(Short descriptive text snippets)

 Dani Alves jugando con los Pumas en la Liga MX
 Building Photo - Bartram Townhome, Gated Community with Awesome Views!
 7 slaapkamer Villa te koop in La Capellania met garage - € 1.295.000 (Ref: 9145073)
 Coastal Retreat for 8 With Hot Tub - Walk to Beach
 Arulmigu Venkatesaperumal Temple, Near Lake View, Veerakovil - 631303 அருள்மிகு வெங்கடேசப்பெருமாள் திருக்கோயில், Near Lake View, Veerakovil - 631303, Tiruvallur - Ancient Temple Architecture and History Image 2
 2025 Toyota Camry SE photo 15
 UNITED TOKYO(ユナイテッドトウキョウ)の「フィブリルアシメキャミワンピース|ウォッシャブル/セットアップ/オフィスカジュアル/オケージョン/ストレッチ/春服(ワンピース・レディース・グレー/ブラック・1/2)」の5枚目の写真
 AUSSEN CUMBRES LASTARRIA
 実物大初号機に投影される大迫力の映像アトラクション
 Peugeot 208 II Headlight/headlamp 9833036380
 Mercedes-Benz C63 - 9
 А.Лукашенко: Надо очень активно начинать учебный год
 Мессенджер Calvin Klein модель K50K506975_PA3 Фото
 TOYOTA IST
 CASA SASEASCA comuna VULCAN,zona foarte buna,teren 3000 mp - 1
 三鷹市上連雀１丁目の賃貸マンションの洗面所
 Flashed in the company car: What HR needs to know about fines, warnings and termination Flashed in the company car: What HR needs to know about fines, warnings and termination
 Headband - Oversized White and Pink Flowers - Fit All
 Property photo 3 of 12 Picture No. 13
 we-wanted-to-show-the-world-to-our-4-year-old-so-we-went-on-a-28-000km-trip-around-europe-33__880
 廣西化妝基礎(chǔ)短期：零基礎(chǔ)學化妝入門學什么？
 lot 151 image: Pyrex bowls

DIRECTIONS FOR THIS TASK
Only the lines from the one with "三鷹市上連雀１丁目の賃貸マンションの洗面所" through the last line above should be restated, word for word.

EXERCISE SOLUTION
 三鷹市上連雀１丁目の賃貸マンションの洗面所
 Flashed in the company car: What HR needs to know about fines, warnings and termination Flashed in the company car: What HR needs to know about fines, warnings and termination
 Headband - Oversized White and Pink Flowers - Fit All
 Property photo 3 of 12 Picture No. 13
 we-wanted-to-show-the-world-to-our-4-year-old-so-we-went-on-a-28-000km-trip-around-europe-33__880
 廣西化妝基礎(chǔ)短期：零基礎(chǔ)學化妝入門學什么？
 lot 151 image: Pyrex bowls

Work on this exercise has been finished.